2. Persons wishing to conduct financial transactions electronically could register his or her IrisCodeTm record with their financial

institution, which would store it as part of the personal account information. The validity of a transaction could be checked in real time by transmitting a live IrisCode record to the institution, along with the account information, for comparison to the stored record and verification. A fraudulent transaction could be later repudiated by showing that the IrisCodeTM record submitted with the signature did not match the reference record held by the institution.

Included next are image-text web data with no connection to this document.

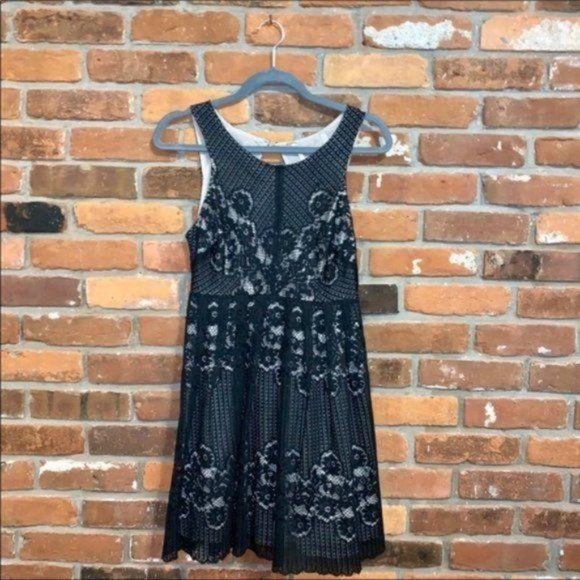 Free People Black Lace Cut Out Mini Dress Size 4 - Picture 8 of 8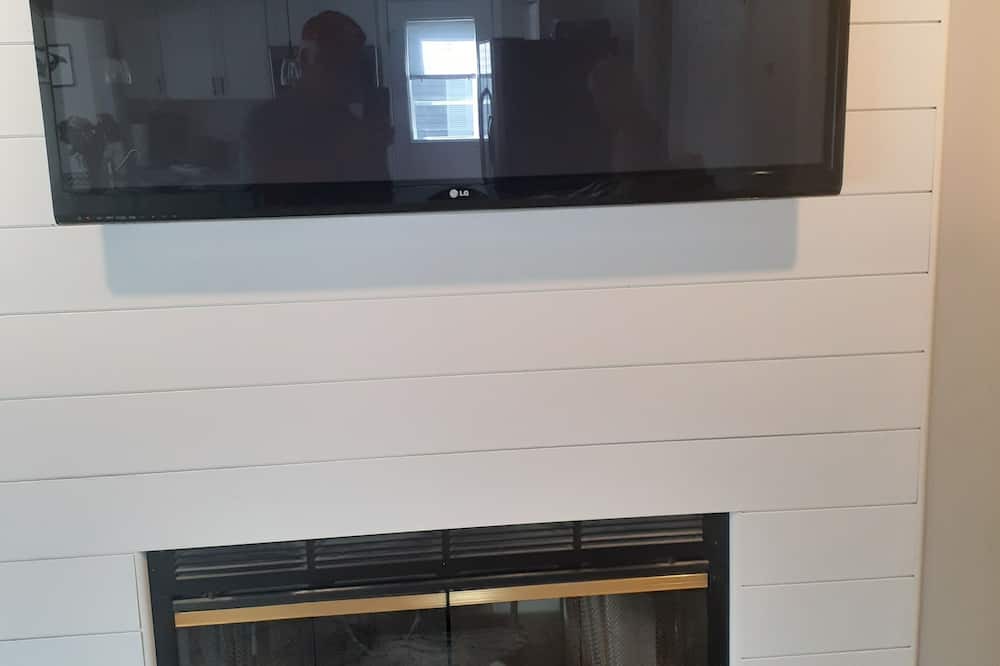 Photo of Livingroom in Lakeview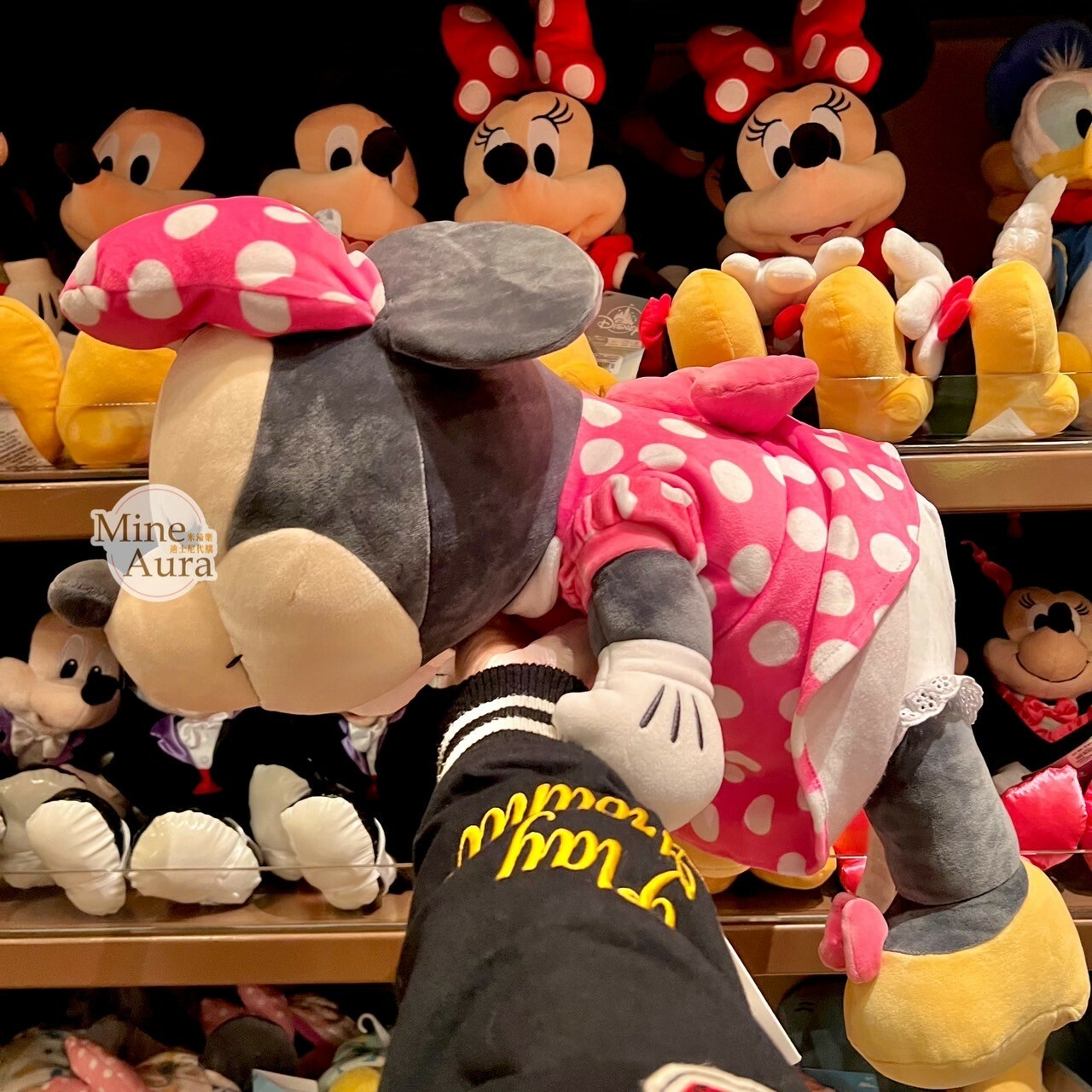 米妮 Minnie 粉色洋裝 趴趴 趴姿 睡顏 娃娃 玩偶 -香港迪士尼樂園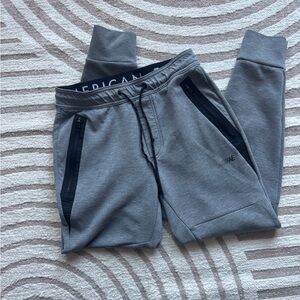 American Eagle Gray Joggers Men’s XS — AE Active Fit, Zip Pockets, Super Soft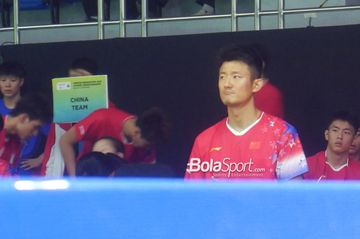 Ekspresi legenda bulu tangkis, Chen Long, saat mendampingi tim China di laga perempat final beregu campuran Kejuaraan Asia Junior 2025 di Surakarta, Jawa Tengah, 21 Juli 2025.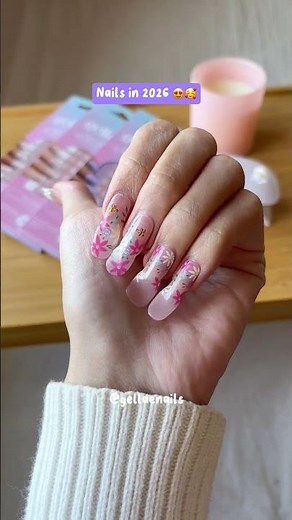 Creating subtle nail extensions using Gellae gel nail stickers ✨ The Diamond Top Coat helps extend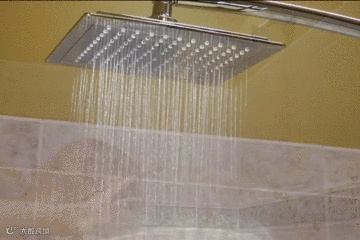 运动爱好者的最佳拍档马拉松冠军选择「瀑布洗」热水器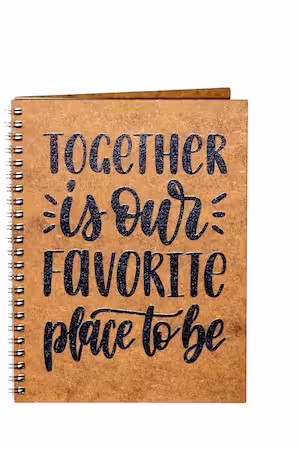 Agenda A5 personalizata din lemn cu mesaj :Impreuna este locul nostru preferat de a fi!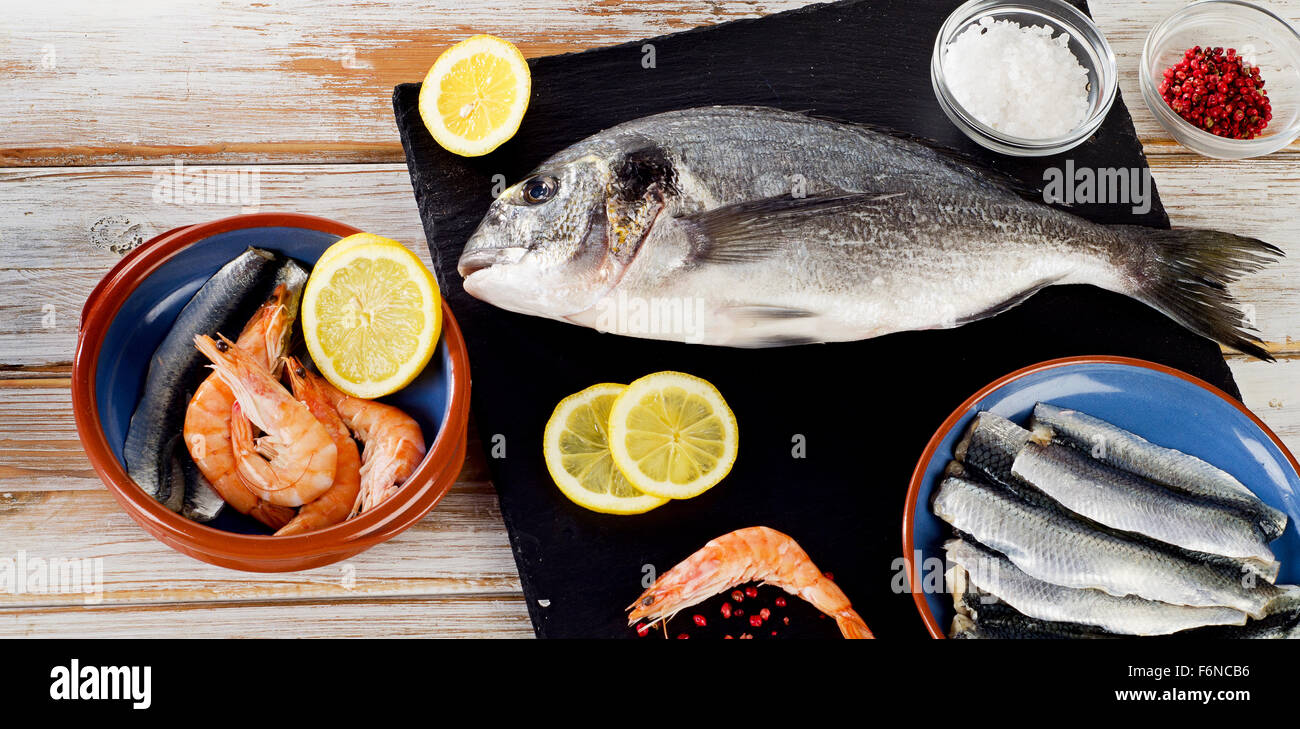 Pesce fresco con spezie , sale e gamberetti - cibo sano. Concetto di dieta. Foto Stock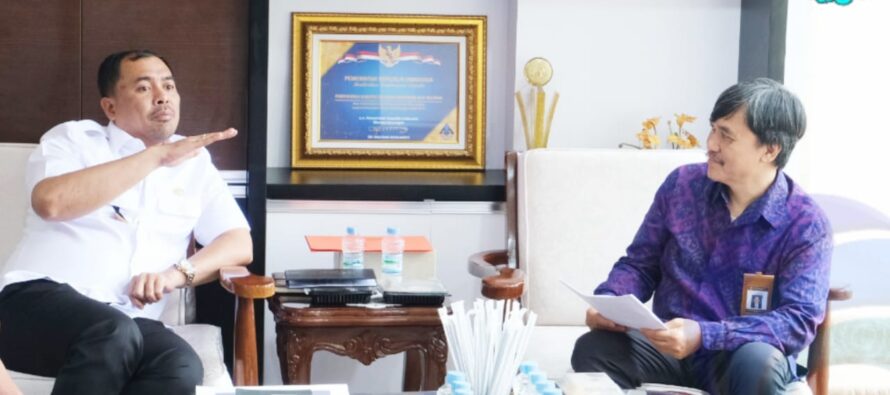 KEMBANGKAN POTENSI SENI BUDAYA, BUPATI OKU SELATAN MENERIMA AUDIENSI BALAI PELESTARIAN KEBUDAYAAN WILAYAH VI TERKAIT PELESTARIAN CANDI JEPARA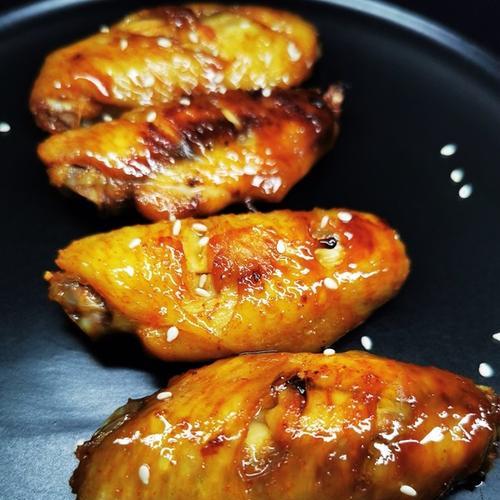微波炉轻松烤出美味蜜汁鸡翅（简单步骤让你在家享受美食/微波炉烤鸡翅超级方便）
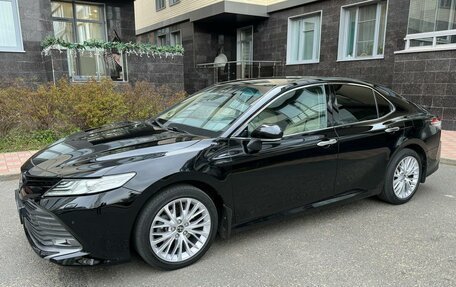 Toyota Camry, 2018 год, 2 830 000 рублей, 3 фотография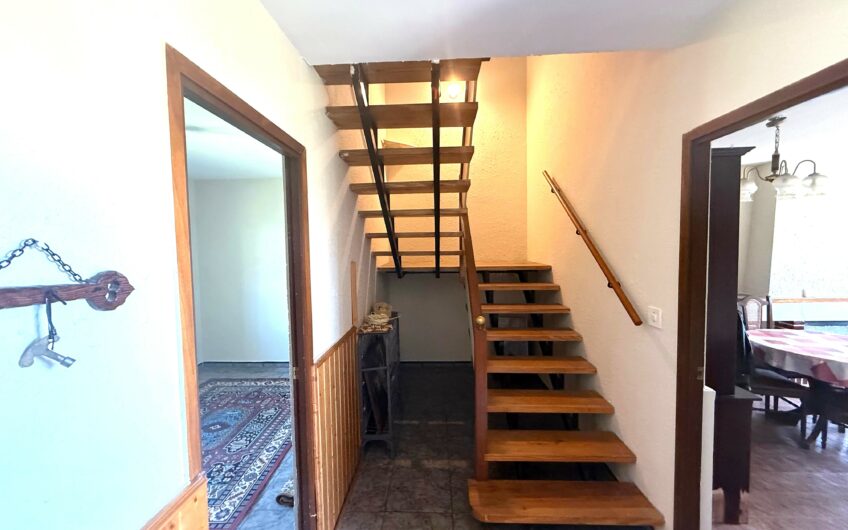 Chalet con Jardín en Boñar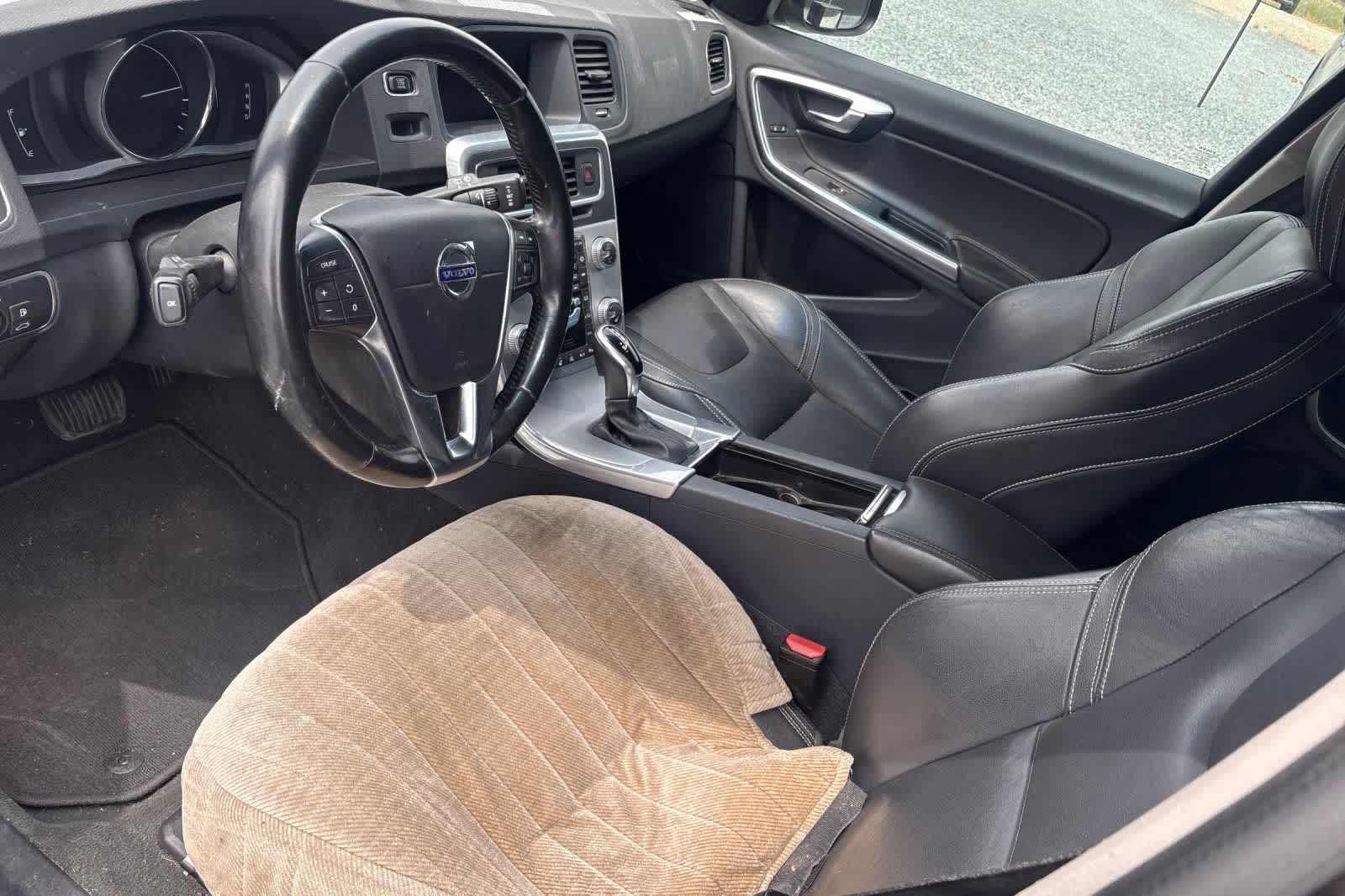 Thumbnail: 2018 Volvo V60 - 14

3. An authenticated electronic signature collected as part of a multi-step process could be used to verify the identity of the signatory throughout the entire process. For example, a signatory to an insurance application might be required to obtain a medical examination. The authenticated signature collected at the time of the application could be compared with a second one collected at the time of the medical examination to verify that the signatory was the individual actually examined.

These examples illustrate how powerful, flexible and robust the present invention can be.

Note also that in most applications effective fraud reduction can be achieved simply through repudiation of invalid signatures. This can be accomplished without compiling central databases of stored biometric records that might be used improperly to invade individual privacy. By embracing both the cultural value of the handwritten signature and the absolute identity of iris recognition, these technologies can deliver the convenience, reliability, privacy and security of authenticated electronic documents with the legal defensibility and social acceptance of handwritten signatures.

Although illustrated and described herein with reference to certain specific embodiments, it will be understood by those skilled in the art that the invention is not limited to the embodiments specifically disclosed herein. Those skilled in the art also will appreciate that many other variations of the specific embodiments described herein are intended to be within the scope of the invention as defined by the following claims.